═════ Data for this exercise ═════
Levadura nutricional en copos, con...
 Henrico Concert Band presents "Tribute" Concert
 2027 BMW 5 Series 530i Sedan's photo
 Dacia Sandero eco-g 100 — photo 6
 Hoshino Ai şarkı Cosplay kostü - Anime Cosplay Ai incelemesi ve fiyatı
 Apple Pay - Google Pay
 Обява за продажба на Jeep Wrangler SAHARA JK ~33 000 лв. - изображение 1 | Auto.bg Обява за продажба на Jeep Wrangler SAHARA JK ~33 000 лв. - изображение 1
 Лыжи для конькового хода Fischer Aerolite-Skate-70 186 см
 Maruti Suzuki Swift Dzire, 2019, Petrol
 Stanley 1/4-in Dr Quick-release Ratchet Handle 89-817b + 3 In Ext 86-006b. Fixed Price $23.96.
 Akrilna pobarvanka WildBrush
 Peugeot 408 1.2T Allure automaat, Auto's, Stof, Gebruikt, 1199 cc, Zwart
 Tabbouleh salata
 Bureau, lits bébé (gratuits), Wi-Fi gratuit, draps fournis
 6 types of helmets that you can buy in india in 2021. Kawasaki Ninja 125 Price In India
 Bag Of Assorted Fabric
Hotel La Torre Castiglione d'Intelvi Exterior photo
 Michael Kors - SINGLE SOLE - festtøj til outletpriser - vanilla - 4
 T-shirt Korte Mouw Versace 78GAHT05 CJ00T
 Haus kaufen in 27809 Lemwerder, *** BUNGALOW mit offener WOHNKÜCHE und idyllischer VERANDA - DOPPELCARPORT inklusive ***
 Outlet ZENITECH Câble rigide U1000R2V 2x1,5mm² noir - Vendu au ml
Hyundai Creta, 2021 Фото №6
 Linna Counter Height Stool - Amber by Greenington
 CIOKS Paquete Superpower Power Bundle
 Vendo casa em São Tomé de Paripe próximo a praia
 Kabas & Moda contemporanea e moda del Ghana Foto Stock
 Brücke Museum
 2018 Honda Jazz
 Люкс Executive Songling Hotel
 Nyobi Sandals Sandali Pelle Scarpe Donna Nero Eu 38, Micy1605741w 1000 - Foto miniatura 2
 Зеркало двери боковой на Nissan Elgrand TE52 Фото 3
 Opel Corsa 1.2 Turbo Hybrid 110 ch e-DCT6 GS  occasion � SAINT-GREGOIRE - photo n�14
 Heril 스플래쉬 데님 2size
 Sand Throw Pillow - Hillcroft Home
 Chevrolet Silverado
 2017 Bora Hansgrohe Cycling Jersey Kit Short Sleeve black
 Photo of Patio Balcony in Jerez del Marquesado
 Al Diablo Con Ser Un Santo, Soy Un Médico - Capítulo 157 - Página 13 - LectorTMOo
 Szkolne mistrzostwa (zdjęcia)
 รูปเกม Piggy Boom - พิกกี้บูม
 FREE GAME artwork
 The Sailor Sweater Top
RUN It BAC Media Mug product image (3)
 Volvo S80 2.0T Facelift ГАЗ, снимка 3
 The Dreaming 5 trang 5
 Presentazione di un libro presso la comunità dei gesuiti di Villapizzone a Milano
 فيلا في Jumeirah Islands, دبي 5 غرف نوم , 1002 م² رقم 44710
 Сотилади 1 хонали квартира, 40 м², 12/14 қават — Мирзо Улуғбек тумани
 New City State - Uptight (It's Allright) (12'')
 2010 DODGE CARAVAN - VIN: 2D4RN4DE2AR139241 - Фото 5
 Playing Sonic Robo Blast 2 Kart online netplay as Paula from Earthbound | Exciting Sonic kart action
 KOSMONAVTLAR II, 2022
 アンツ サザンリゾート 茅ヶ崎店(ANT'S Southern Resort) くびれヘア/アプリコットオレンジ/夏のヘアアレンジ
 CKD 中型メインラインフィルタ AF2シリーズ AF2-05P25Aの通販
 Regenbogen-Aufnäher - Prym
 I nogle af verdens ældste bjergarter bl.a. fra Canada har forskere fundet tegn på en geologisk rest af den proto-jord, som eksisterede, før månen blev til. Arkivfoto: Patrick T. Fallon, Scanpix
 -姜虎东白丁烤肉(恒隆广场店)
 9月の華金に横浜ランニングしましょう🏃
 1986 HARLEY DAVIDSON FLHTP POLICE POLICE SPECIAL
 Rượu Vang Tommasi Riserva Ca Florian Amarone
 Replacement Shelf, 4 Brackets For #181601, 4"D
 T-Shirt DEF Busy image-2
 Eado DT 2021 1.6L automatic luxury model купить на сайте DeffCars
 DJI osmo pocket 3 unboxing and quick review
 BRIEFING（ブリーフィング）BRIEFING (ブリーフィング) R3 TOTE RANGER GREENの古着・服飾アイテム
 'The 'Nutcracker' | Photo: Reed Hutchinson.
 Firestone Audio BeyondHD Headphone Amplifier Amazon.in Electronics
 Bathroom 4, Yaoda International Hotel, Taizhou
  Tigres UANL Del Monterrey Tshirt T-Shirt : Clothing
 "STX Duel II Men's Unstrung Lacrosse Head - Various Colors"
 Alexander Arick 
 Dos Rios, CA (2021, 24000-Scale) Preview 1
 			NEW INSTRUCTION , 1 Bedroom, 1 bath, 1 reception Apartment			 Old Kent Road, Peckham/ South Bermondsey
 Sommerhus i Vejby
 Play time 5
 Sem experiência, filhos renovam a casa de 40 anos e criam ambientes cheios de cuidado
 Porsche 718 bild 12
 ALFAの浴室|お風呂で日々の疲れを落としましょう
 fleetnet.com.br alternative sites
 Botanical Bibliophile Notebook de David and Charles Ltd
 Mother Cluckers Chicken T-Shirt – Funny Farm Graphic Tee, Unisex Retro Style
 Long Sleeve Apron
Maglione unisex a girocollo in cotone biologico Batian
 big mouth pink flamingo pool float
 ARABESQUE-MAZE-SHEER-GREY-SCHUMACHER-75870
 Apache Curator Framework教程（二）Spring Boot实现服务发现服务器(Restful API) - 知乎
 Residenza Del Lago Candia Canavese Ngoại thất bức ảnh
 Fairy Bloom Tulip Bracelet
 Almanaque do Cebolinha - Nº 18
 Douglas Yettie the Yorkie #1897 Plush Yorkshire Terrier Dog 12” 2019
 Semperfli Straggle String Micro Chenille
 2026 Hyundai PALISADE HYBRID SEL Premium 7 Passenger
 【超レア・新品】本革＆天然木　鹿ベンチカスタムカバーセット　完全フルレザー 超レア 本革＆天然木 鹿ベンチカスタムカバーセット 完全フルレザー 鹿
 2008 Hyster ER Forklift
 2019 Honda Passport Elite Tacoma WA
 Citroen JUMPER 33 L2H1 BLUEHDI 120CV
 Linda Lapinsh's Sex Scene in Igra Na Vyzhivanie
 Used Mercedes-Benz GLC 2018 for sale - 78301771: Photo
═════
§ To do:
Return, exactly as they stand, the lines from the start of the records above through the line with "Люкс Executive Songling Hotel", both ends included, and no other lines.

§ Reply:
Levadura nutricional en copos, con...
 Henrico Concert Band presents "Tribute" Concert
 2027 BMW 5 Series 530i Sedan's photo
 Dacia Sandero eco-g 100 — photo 6
 Hoshino Ai şarkı Cosplay kostü - Anime Cosplay Ai incelemesi ve fiyatı
 Apple Pay - Google Pay
 Обява за продажба на Jeep Wrangler SAHARA JK ~33 000 лв. - изображение 1 | Auto.bg Обява за продажба на Jeep Wrangler SAHARA JK ~33 000 лв. - изображение 1
 Лыжи для конькового хода Fischer Aerolite-Skate-70 186 см
 Maruti Suzuki Swift Dzire, 2019, Petrol
 Stanley 1/4-in Dr Quick-release Ratchet Handle 89-817b + 3 In Ext 86-006b. Fixed Price $23.96.
 Akrilna pobarvanka WildBrush
 Peugeot 408 1.2T Allure automaat, Auto's, Stof, Gebruikt, 1199 cc, Zwart
 Tabbouleh salata
 Bureau, lits bébé (gratuits), Wi-Fi gratuit, draps fournis
 6 types of helmets that you can buy in india in 2021. Kawasaki Ninja 125 Price In India
 Bag Of Assorted Fabric
Hotel La Torre Castiglione d'Intelvi Exterior photo
 Michael Kors - SINGLE SOLE - festtøj til outletpriser - vanilla - 4
 T-shirt Korte Mouw Versace 78GAHT05 CJ00T
 Haus kaufen in 27809 Lemwerder, *** BUNGALOW mit offener WOHNKÜCHE und idyllischer VERANDA - DOPPELCARPORT inklusive ***
 Outlet ZENITECH Câble rigide U1000R2V 2x1,5mm² noir - Vendu au ml
Hyundai Creta, 2021 Фото №6
 Linna Counter Height Stool - Amber by Greenington
 CIOKS Paquete Superpower Power Bundle
 Vendo casa em São Tomé de Paripe próximo a praia
 Kabas & Moda contemporanea e moda del Ghana Foto Stock
 Brücke Museum
 2018 Honda Jazz
 Люкс Executive Songling Hotel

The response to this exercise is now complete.